- Born: September 1865 Janesville, Wisconsin, US
- Died: June 1928 (aged 62) Los Angeles, California, US
- Occupation: Conservationist

= Aurelia Harwood =

American conservationist

Aurelia Squire Harwood (September 1865 – June 1928), daughter of the wealthy Harwood family of Ontario, California, was a conservationist, educator, and first female President of the Sierra Club in 1927 and 1928. In addition to her terms as President, she simultaneously sat on the Angeles Chapter's Executive Committee, and the club's Board of Directors, from 1921 to 1928.

Harwood had a great love of the outdoors that began during her childhood in Springfield, Missouri, where she moved with her family at an early age. Over the years, she became a member of the Green Mountain Club, the Mazamas, and the Mountaineers. When she settled in her final home of Ontario, California, she joined the Sierra Club, and led local outings there for fourteen years.

Another love of Harwood's was education. She attained a liberal arts undergraduate degree at Drury University, which her father Charles helped endow. Later, she completed graduate studies at Wellesley College. After her father's example, Aurelia too donated to help fund universities, contributing to Pomona College, and scholarships for Chinese students at Mills College.

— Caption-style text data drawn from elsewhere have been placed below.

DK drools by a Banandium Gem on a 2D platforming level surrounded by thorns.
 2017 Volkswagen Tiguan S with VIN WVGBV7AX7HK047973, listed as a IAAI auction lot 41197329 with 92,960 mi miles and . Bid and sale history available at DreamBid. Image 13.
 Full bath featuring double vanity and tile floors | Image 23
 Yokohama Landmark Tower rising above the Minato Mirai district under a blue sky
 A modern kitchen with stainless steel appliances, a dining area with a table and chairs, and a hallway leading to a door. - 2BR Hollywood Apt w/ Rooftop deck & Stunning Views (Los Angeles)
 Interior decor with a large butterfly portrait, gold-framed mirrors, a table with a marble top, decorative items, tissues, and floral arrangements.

Harwood died in 1928 and was buried at Bellevue Memorial Park in Ontario, California. The Angeles Chapter of the Sierra Club named their new lodge after her in 1930. The peak east of Mount San Antonio, Mount Harwood, was also named in her honor, and recognized by the USGS in 1965. Harwood Court at Pomona College, and her namesake scholarship at Mills College, still bear her family name.